In a recent article published in the journal Computers and Education: Artificial Intelligence, researchers investigated the potential of large language models (LLMs) to automate the scoring of essays written by English language learners. Their goal was to evaluate these advanced artificial intelligence (AI) systems as tools for automated essay scoring (AES).
Background
AES is the process of using technology to analyze and evaluate written work, usually by assigning a numerical score. It offers a solution to challenges like the time, cost, and inconsistency associated with human scoring. It also faces some issues, such as validity, reliability, transparency, and ethical issues.
Traditional AES systems use machine learning to extract and compare specific features of writing, such as grammar, vocabulary, and coherence against human-scored essays or set criteria. However, these systems are limited by their feature selection, the genre of writing, and their accessibility and cost.

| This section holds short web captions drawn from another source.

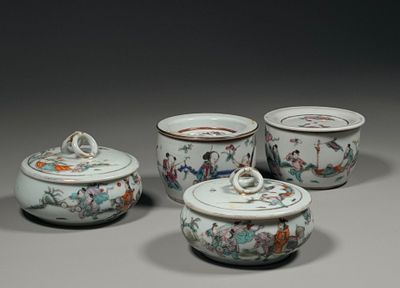 quatre bols en porcelaine chinoise avec couvercles, ornés de motifs d'oiseaux et de fleurs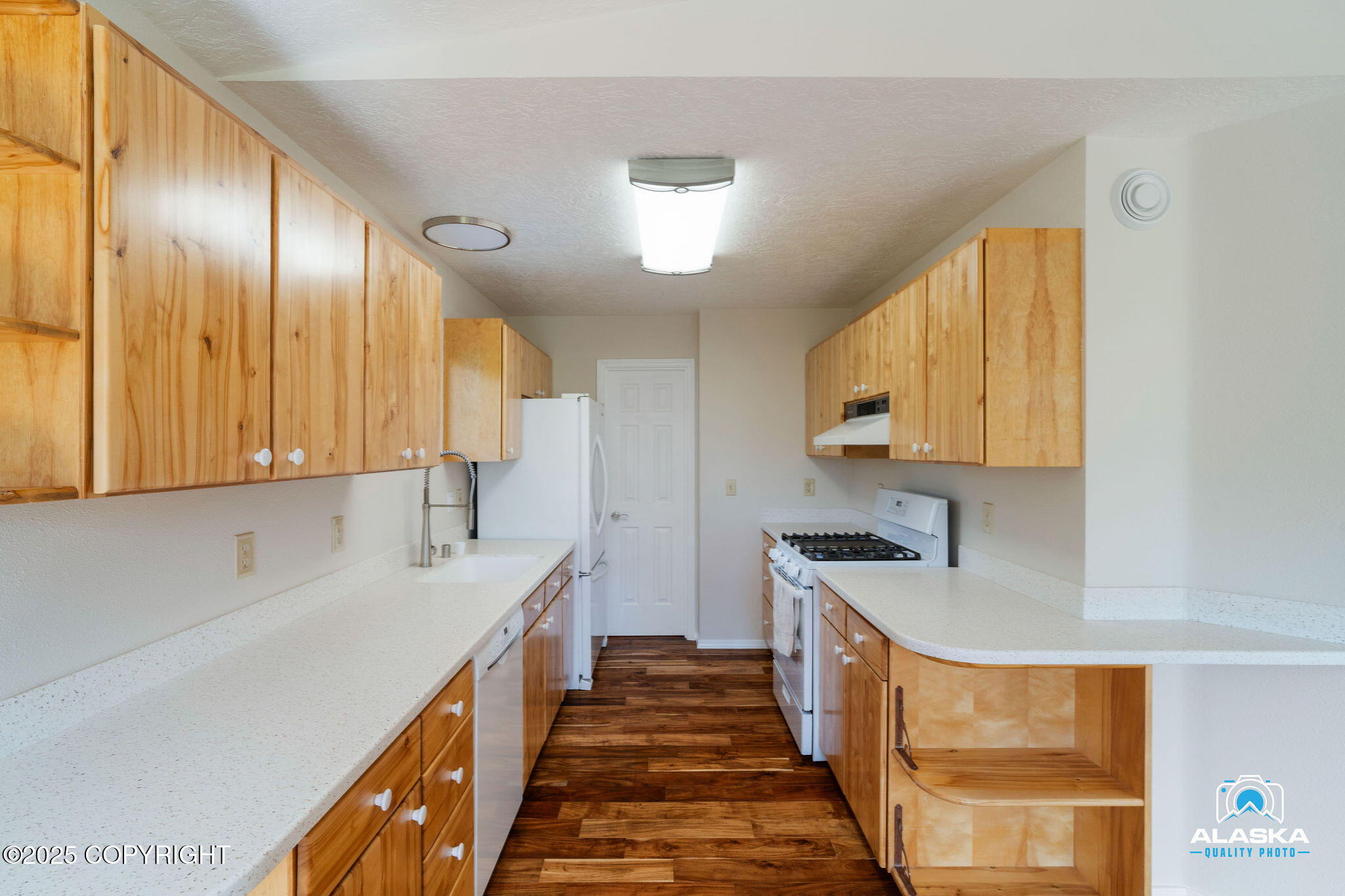 4477 Panther Drive, Eagle River, Alaska image 15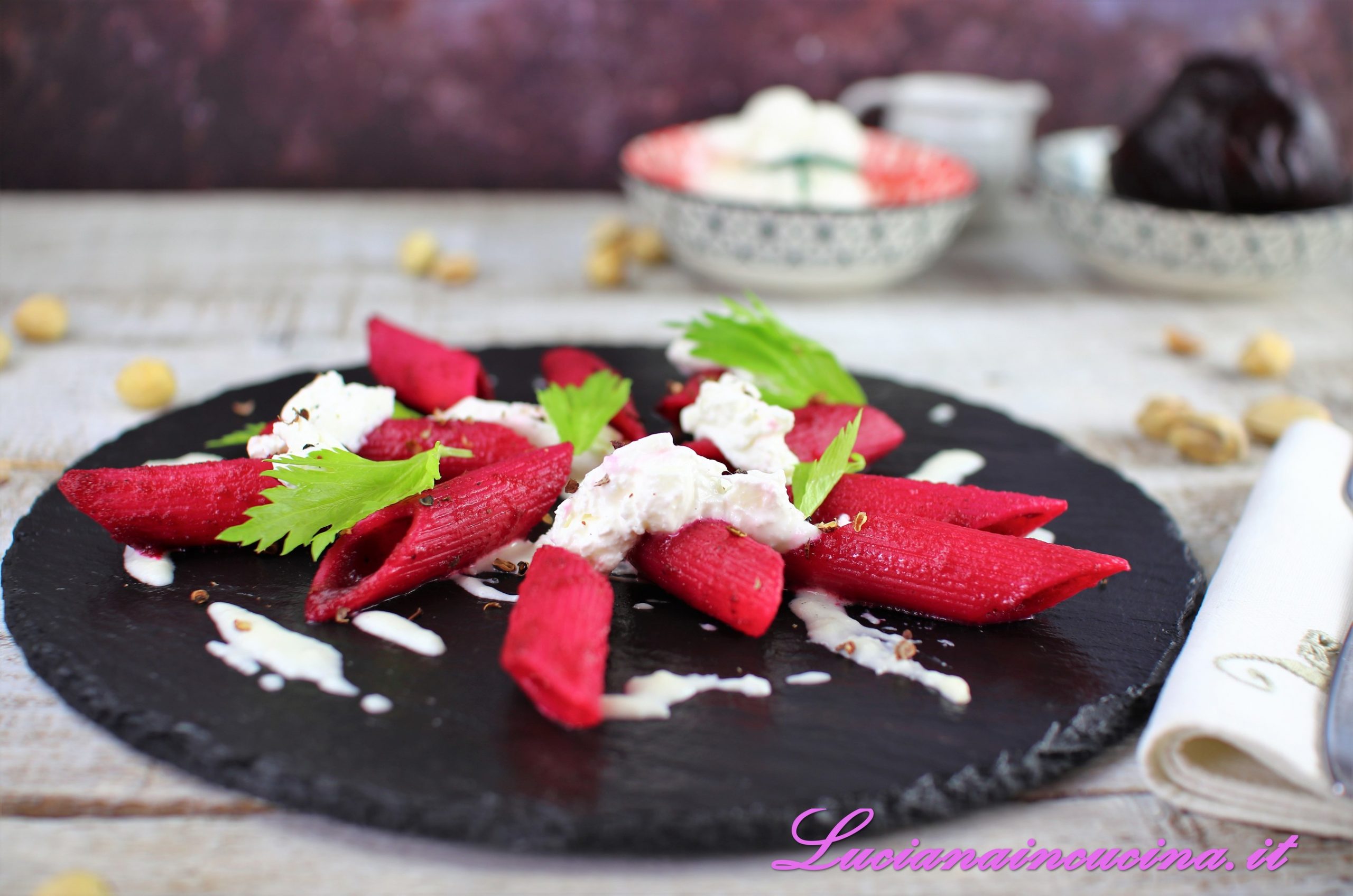 Pasta con barbabietola rossa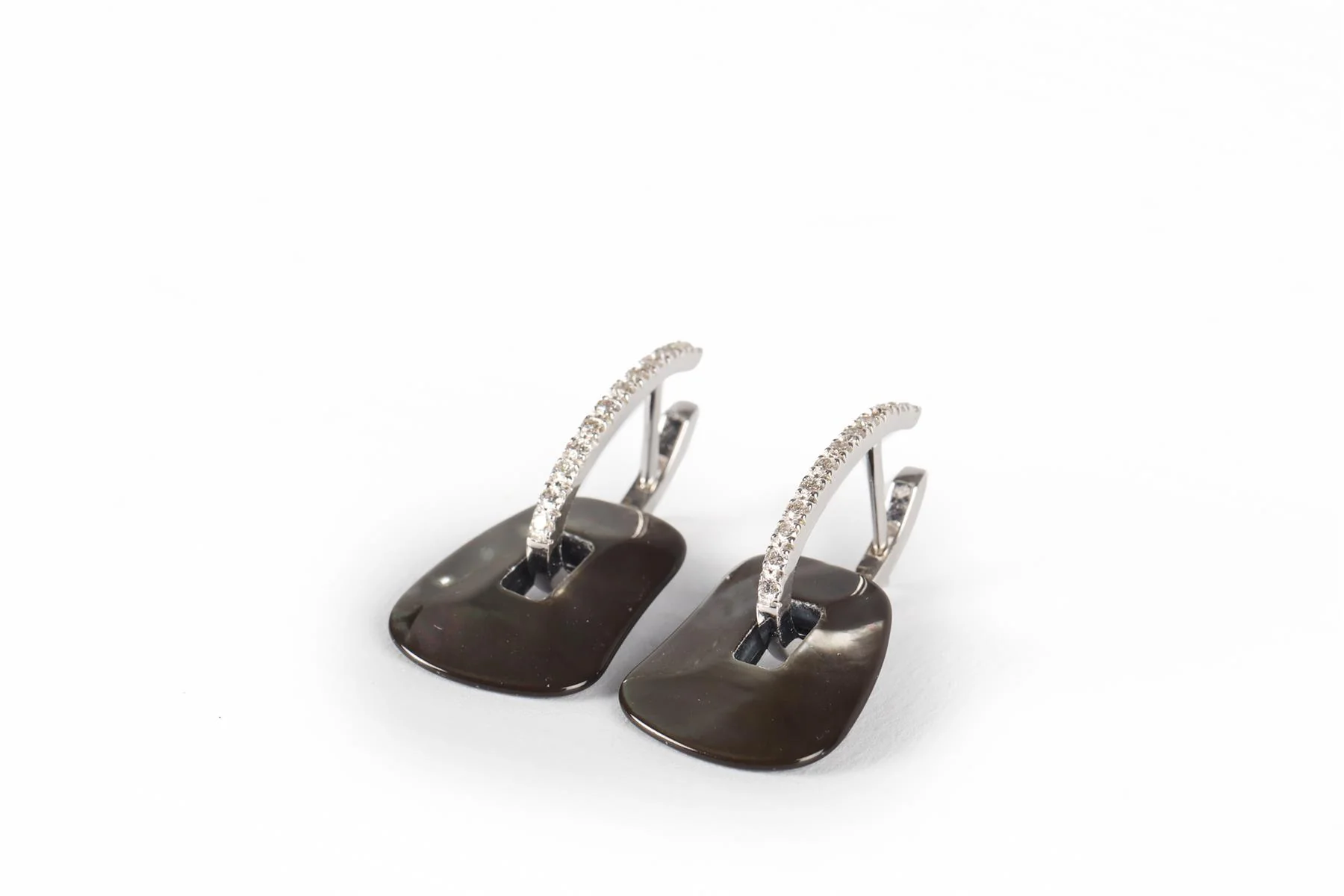 MATTIOLI PUZZLE 18KT WHITE GOLD AND DIAMONDS EARRINGS AND 11 COLOURED PAIRS SET - Image 5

LLMs are AI systems capable of generating natural language texts. Although not specifically designed for AES, LLMs offer advantages over traditional systems, such as versatility and user interaction through chatbots like chat generative pre-text transformer (ChatGPT), Bard, and Claude.
About the Research
In this paper, the authors aimed to explore the validity and reliability of generative LLMs in scoring student writing. Their primary goal was to evaluate the performance of four widely used LLMs: Google’s PaLM2, Anthropic’s Claude 2, and OpenAI’s generative pre-text transfer 3.5 (GPT-3.5) and GPT-4, in assessing essays written by English language learners.
For this study, the researchers selected 119 essays from an English language university admission and placement test. Each essay was scored twice by each LLM on separate occasions and by two human raters using a holistic rubric. The main metrics for assessing the models' performance were intrarater reliability (consistency of scores given by the same rater over time) and interrater reliability (agreement between scores given by different raters). The authors also evaluated the validity of the LLMs' scores by comparing them to the human ratings. They measured these reliability metrics using the intraclass correlation coefficient (ICC) and Pearson’s correlation.
The methodology involved a detailed analysis of the models' scoring patterns and their consistency over time. The study also examined potential reasons for any variability in the models' performance and offered insights into the strengths and weaknesses of each LLM in the context of AES.
Research Findings
The outcomes showed that GPT-4 was the most reliable LLM, showing excellent intrarater reliability and strong validity, with a high correlation to human raters, comparable to traditional AES systems. Claude 2 demonstrated good intrarater reliability and moderate validity. PaLM2 and GPT-3.5 showed moderate intra and interrater reliability. Most LLMs, except GPT-3.5, improved their intrarater reliability over time. However, the interrater reliability of GPT-3.5 and GPT-4 decreased slightly over time.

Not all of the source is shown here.